• La route : John Hillcoat

    Aventure eschathologique d'un homme et son fils en route vers la mer. Un but. Une creuse raison de continuer dans un monde en ruine où plus rien ne demeure que les instincts primaires. La survie. Pour la plupart à tout prix. Toute forme de vie semble avoir disparu hormis celle de quelques survivants s'étant réunis en clans cannibales pour retarder un inéluctable pourtant de loin préférable à cette existence réduite aux souvenirs.
    L'intérêt du film réside en cela. Ce qui était et qui n'est plus.

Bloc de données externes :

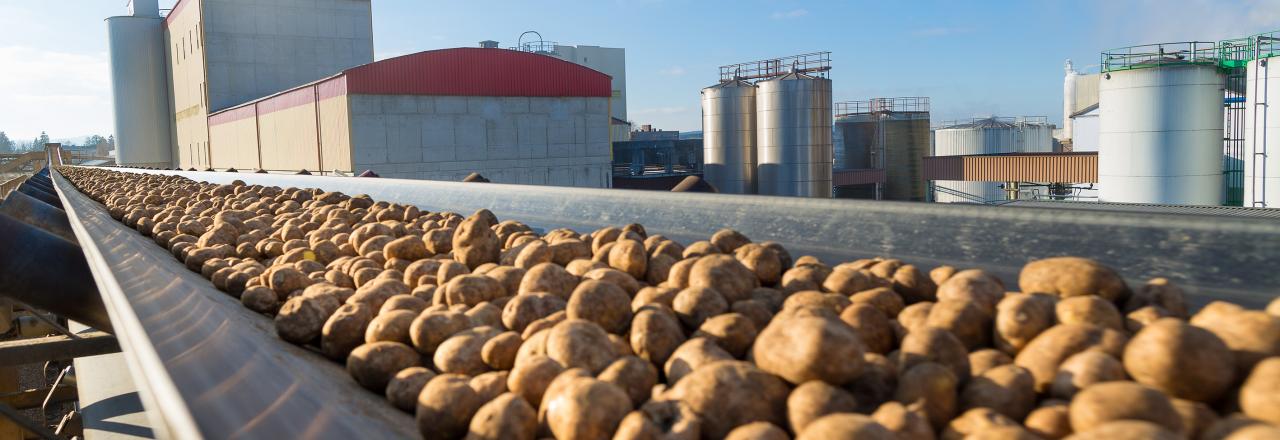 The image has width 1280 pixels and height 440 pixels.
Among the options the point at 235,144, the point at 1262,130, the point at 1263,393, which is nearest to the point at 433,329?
the point at 1263,393

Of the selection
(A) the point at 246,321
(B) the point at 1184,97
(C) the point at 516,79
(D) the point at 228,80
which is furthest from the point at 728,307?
(D) the point at 228,80

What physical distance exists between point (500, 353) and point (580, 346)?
7.5 inches

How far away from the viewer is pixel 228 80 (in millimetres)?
23594

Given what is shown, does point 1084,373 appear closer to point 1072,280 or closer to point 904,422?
point 904,422

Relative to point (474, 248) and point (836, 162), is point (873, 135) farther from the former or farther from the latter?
point (474, 248)

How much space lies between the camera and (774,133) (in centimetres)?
1672

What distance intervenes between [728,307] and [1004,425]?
686mm

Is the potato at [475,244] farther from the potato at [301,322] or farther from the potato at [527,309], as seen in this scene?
the potato at [527,309]

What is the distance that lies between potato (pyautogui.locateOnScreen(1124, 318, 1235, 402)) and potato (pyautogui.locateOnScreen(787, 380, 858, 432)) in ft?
1.28

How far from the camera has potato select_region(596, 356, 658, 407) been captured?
1.29 m

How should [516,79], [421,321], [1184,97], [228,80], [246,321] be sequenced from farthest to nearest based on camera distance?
1. [228,80]
2. [516,79]
3. [1184,97]
4. [246,321]
5. [421,321]

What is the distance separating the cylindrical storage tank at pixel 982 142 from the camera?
71.1ft

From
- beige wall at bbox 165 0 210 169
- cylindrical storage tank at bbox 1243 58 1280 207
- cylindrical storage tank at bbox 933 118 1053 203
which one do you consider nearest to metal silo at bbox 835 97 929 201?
cylindrical storage tank at bbox 933 118 1053 203

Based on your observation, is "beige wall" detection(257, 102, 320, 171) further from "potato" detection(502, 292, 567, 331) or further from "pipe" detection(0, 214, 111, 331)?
"potato" detection(502, 292, 567, 331) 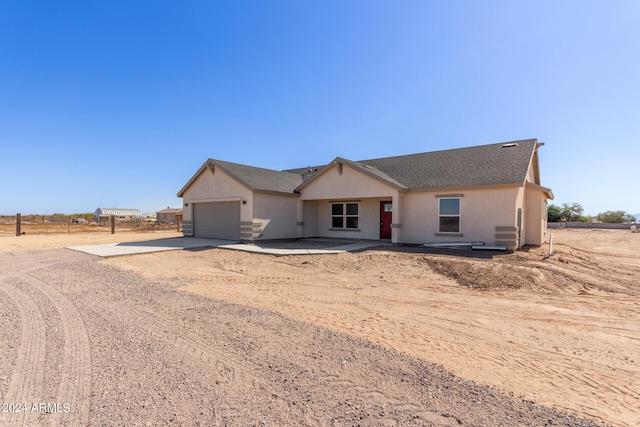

Il y a bien ces rencontres insanes qui ponctuent une intrigue nivelée à l'image de ce qu'est devenu le monde. Vide et plat. Sinon rien. Même pas l'espoir que les choses puissent reprendre dans un hypothétique avenir. La route est une vaste allégorie de la perte. La perte de la civilisation, des valeurs, d'une morale, des croyances, de la paix, de ceux qu'on a aimés. Pour Viggo Mortensen qui crève l'écran il s'agit de la mère de son fils. La femme qu'il a aimée. Qu'il a perdue. Cette femme pour qui le courage était de disparaître alors que celui de la morale du héros était de continuer, au-delà de la peur et la souffrance, jusqu'à ce que la nature nous désigne.
    Ainsi, cette douleur l'habite jusqu'à l'agacement du spectateur comme une émotion qui l'assurerait d'encore appartenir à un vestige d'humanité. La douleur encore préférable à l'étouffement des émotions. La douleur encore préférable à ce monde-là.

    Combien sommes-nous dans le nôtre à préférer celle-ci aux ouvertures que nous offrent encore la vie ? A choisir une souffrance qui nous paraît plus conforme à la vision que nous gardons de nous-mêmes plutôt que de nous diriger vers des joies qui nous transfigureraient ?

    Malheureusement donc le film traîne en longueur, évite difficilement les poncifs relatifs au genre, les images n'ayant pas la capacité de creuser des abîmes comme j'imagine que le fait le roman de Cormac Mc Carthy dont il s'inspire. Il aurait pu être traité en court-métrage et peut-être gagné en intensité. En tout cas pour moi il était trop long pour ce qu'il avait à dire. Ou trop linéaire.